Aymeri de MONTESQUIOU

M. le président. La parole est à M. Aymeri de Montesquiou.

M. Aymeri de Montesquiou. Madame le ministre d'État, je soulignerai d'abord que vos fonctions antérieures de ministre de la défense, puis de l'intérieur, vous rendent les problèmes internationaux familiers.

« Cessez d'affaiblir le Quai d'Orsay ! » Cette injonction de deux anciens ministres des affaires étrangères compétents et respectés, MM. Alain Juppé et Hubert Védrine, ne peut pas être ignorée.

Votre budget, qui s'élève à 3 milliards d'euros, n'est pas substantiel. Faisons en sorte qu'il soit utilisé efficacement !

La recherche de performance, alliée aux contraintes budgétaires et au non-renouvellement des effectifs, est mise en œuvre de manière exemplaire et courageuse, car parfois humainement douloureuse, par le Quai d'Orsay.

Le comité interministériel des réseaux internationaux de l'État, le CORINTE, est un succès. L'ambassadeur coordonne enfin l'ensemble de l'action extérieure et lui donne sa cohérence.

Néanmoins, la rationalisation pourrait être plus audacieuse. Européen convaincu, j'appelle depuis des années à la mutualisation des services consulaires des pays de l'Union.

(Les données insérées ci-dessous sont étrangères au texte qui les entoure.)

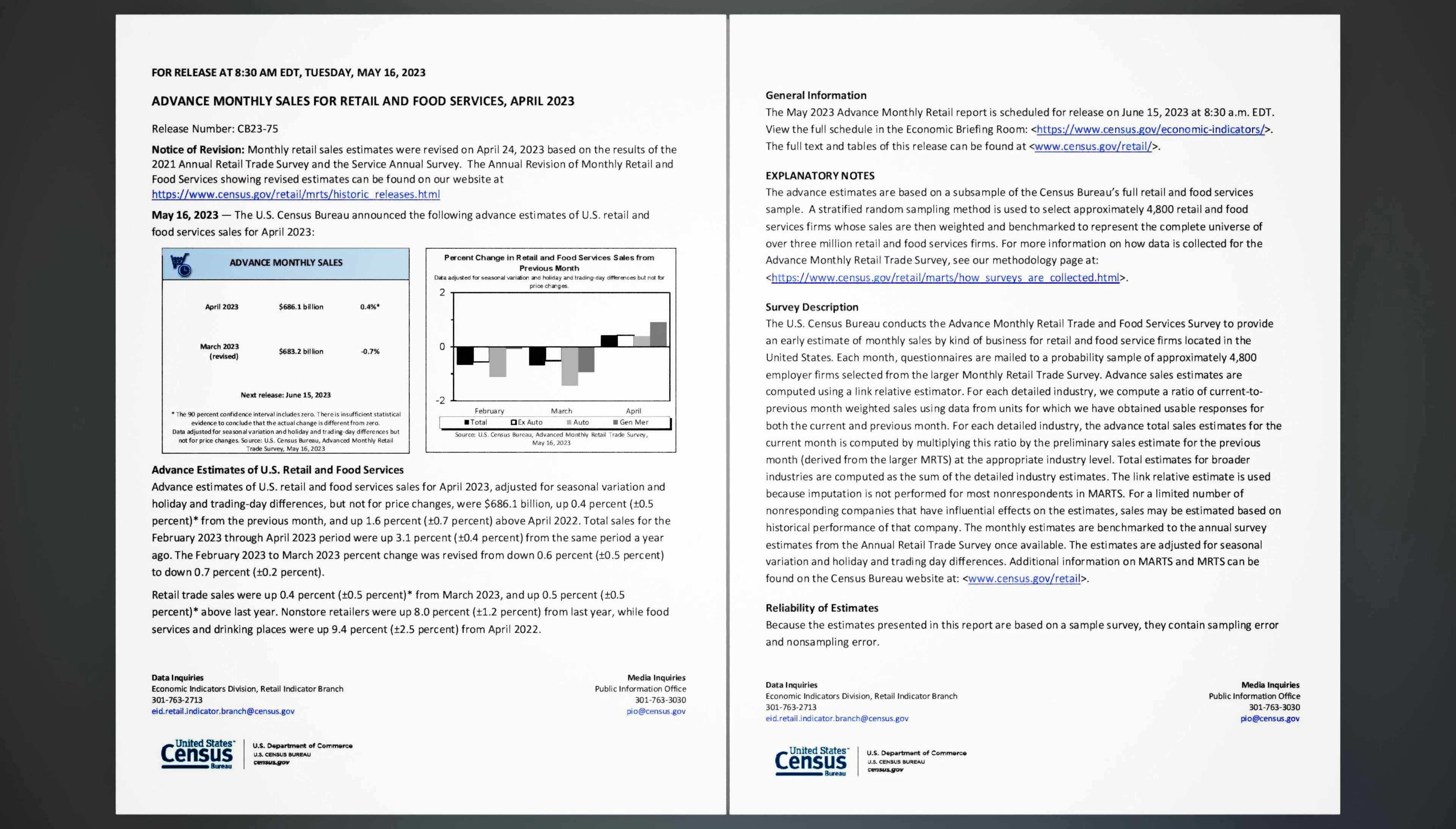Advance estimates of U.S. retail and food services sales for April 2023, adjusted for seasonal variation and holiday and trading day differences, but not for price changes, were $686.1 billion, up 0.4% (±0.5%) from the previous month, and up 1.6% (±0.7%) above April 2022.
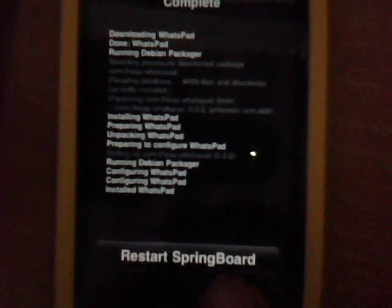It's freaking loading — then you restart the springboard. Once you restart it, you will see — guys, this is for iPod Touch and you must have a mobile phone to access it.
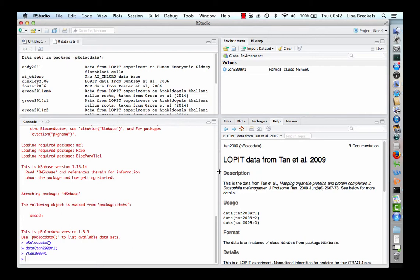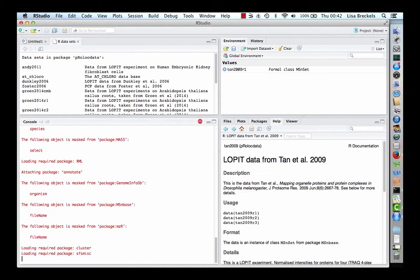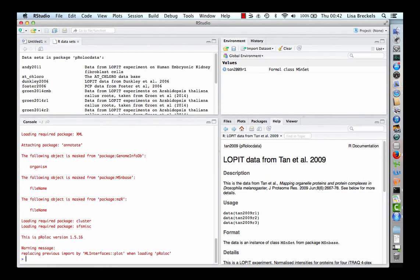Now we are ready to start exploring the dataset using ProLock GUI. Let us load ProLock GUI again by typing library, then ProLock GUI. This loads the ProLock GUI package. Now to visualise the data, we use the ProLock GUI function. Type ProLock GUI followed by the name of the dataset.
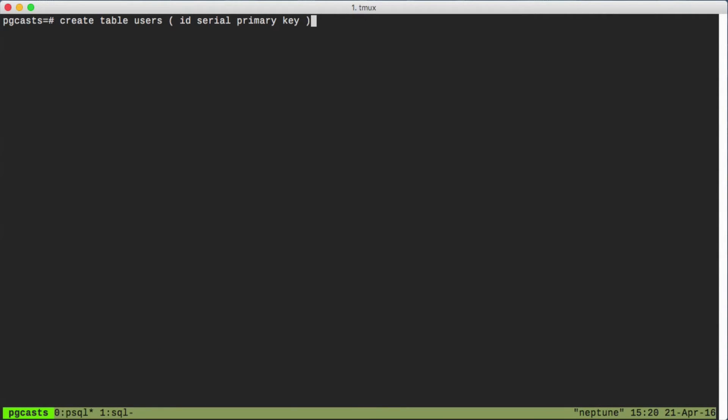We often see it with an ID column. In this episode, I want to take a look at that serial data type and explore what happens when we define a column as serial.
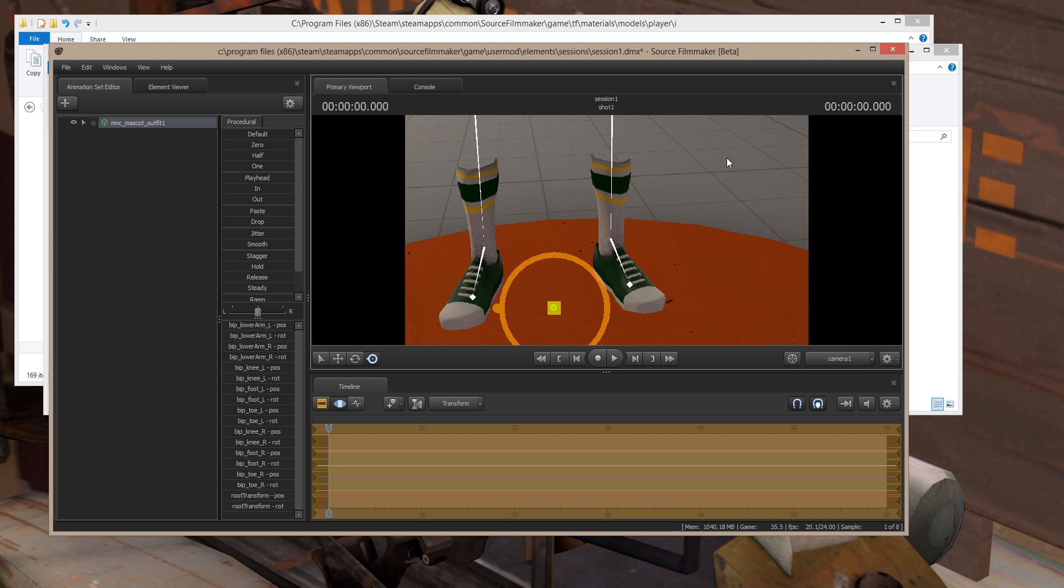That's how you paint items quickly in Source Filmmaker. Now, with that, Private Jack, out.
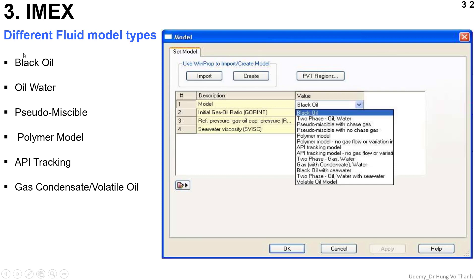Now I would like to talk about the different fluid model types in IMS simulator. You can define the model within this screenshot, such as the popular model like oil, or water only, or pseudo-miscible. Or even polymer flooding when you consider the polymer for enhanced oil recovery in tertiary operations. Or API tracking — also gas condensate and volatile oil are already included in IMS simulator. I can say in terms of the diversity of fluid models, IMS is one of the most robust simulators for you to consider for field development plans for your own reservoir.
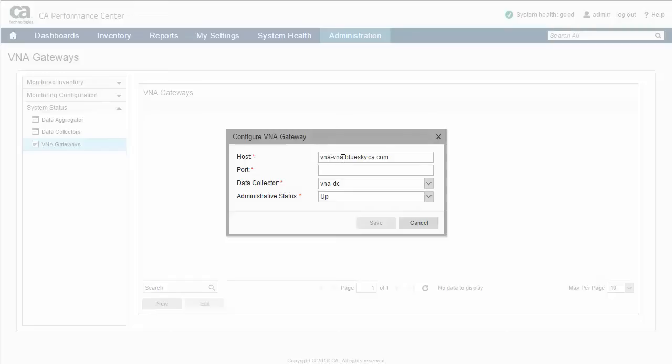In the Port field, enter the port specified when installing VNA on its host. Note that the default port during the VNA install is 8080 and is the value normally used here.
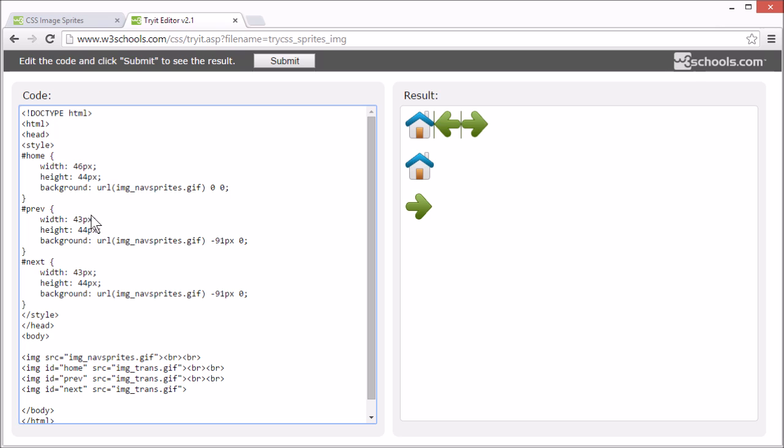But we want to start at 47 pixels. That's the width of the house plus 1 pixel for the line divider.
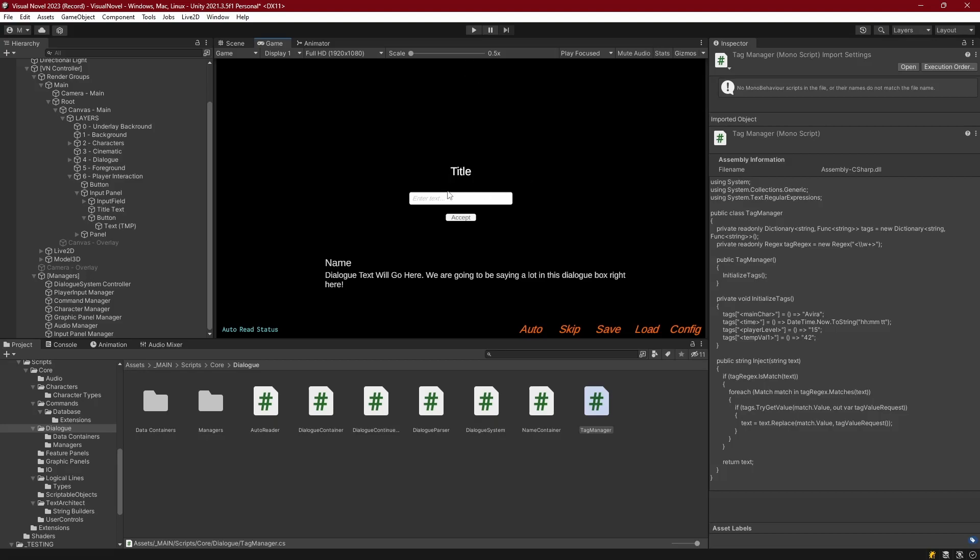So now what we're going to do in this episode is we're going to take the input and we're going to use a tag to inject that into some lines of dialogue that we can call from within our dialogue file. To do that, we're going to make use of our tag manager, so let's open that up.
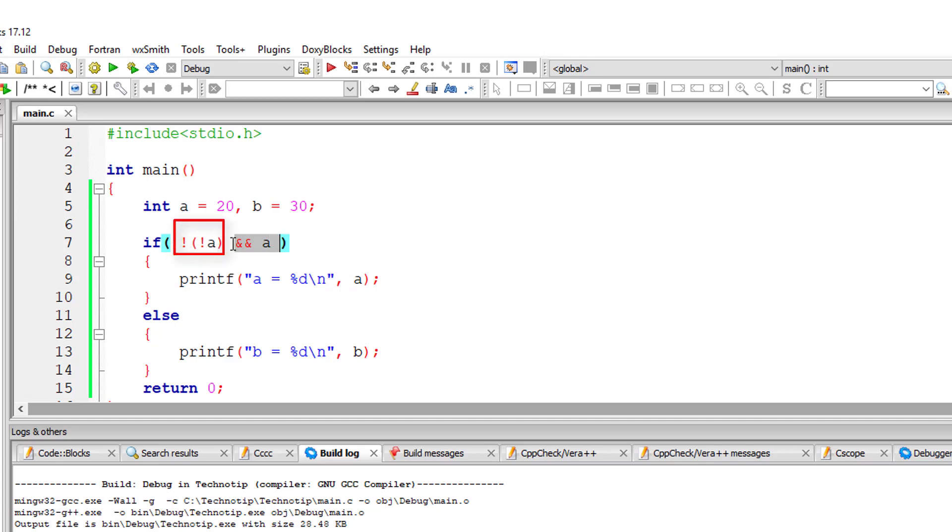If this is true, if block will be executed. If it's false, else block will be executed. That's it. So let's evaluate this.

En effet, je crois à une citoyenneté européenne qui s'exprimerait à l'étranger par une représentation consulaire commune, au moins aux États de l'espace Schengen, et par la suppression des consulats au sein des pays de l'Union. Ces décisions seraient logiques, symboliques, économiques et d'autant plus légitimes que le service européen pour l'action extérieure, le SEAE, est en cours d'installation. Sous peu, Lady Ashton sera à la tête d'une diplomatie européenne forte de 3 000 agents, dirigée par Pierre Vimont.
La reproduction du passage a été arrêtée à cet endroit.